What’s On The Far Side Of The Moon? by FRASER CAIN on JANUARY 16, 2014

You probably know we only see one side of the Moon from the Earth. But for the majority of human history, we had no idea what the far side looked like.
Billions of years ago, our Moon was formed when a Mars-sized object smashed into the Earth, spinning out a ring of debris. This debris collected into the Moon we know today. It started out rotating from our perspective, but the Earth’s gravity slowed it down until its rotation became locked with the Earth’s, keeping one half forever hidden from our view.
It wasn’t until the space age that humans finally got a chance to see what’s on the other side. The first spacecraft to image the far side of the Moon was the Soviet Luna 3 probe in 1959, which returned 18 usable images to scientists. And then in 1965, the Soviet
Zond 3 transmitted another 25 pictures of higher quality that gave much more detail of the surface. The first humans to actually see the far side with their own eyes, were the crew of Apollo 8, who did a flyover in 1968.
We now have high resolution cameras imaging every square meter, even the far side. And here’s the amazing surprise….
You would think that the far side of the Moon would look like the near side, but check out the two hemispheres…They’re totally different.
The near side of the has huge regions of ancient lava flows, called maria. While the far side is almost entirely covered in crater impacts. Planetary geologists aren’t sure, but it’s possible that the Earth used to have two Moons.
Billions of years ago, the second, smaller moon crashed into the far side of the Moon, covering up the darker maria regions.
And just to clarify things with Pink Floyd’s reference to the “Dark Side of the Moon”… Except for the occasional lunar eclipse, half of the Moon is always in darkness and half is always illuminated. But that illuminated half changes as the Moon orbits around us.
Just like half of the Earth is always in darkness, and half of every other large object in the Solar System. There’s no permanent “dark side” of the Moon. The side facing towards the Sun is lit up, and the side facing away is in shadows.
There are, however, some spots on the Moon which are in eternal darkness. There are craters at the north and south poles deep enough that the light from the Sun never illuminates their floors. In these places, It’s possible that there are reserves of ice that future space colonies could use for their supplies of water, air, and even rocket fuel.
Pink Floyd was right if you’re talking radio waves instead of visible light. The far side of the Moon is naturally shielded from the Earth’s radio transmissions, so it makes an ideal spot to locate a sensitive radio observatory.

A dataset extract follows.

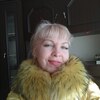 inna, 40, г.Барышевка inna, 40, г.Барышевка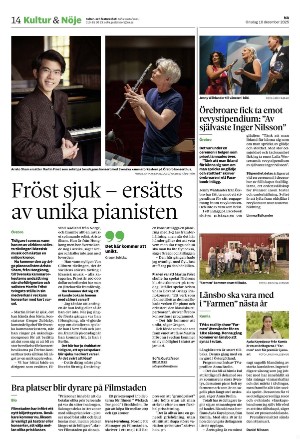 nerikesallehanda_bergslagen-20251210_000_00_00_014.pdf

I’ll see you in the permanently shadowed craters of the Moon.

1 comment:

  1. I am here to contradict the collision theory for moon formation. Actually moon formed just after, better to say simultaneously with the formation of earth. The large number of crater on the other side of the moon is due to more gravity at that side and more shielding from earth side. The most of the craters were made when moon was too hot.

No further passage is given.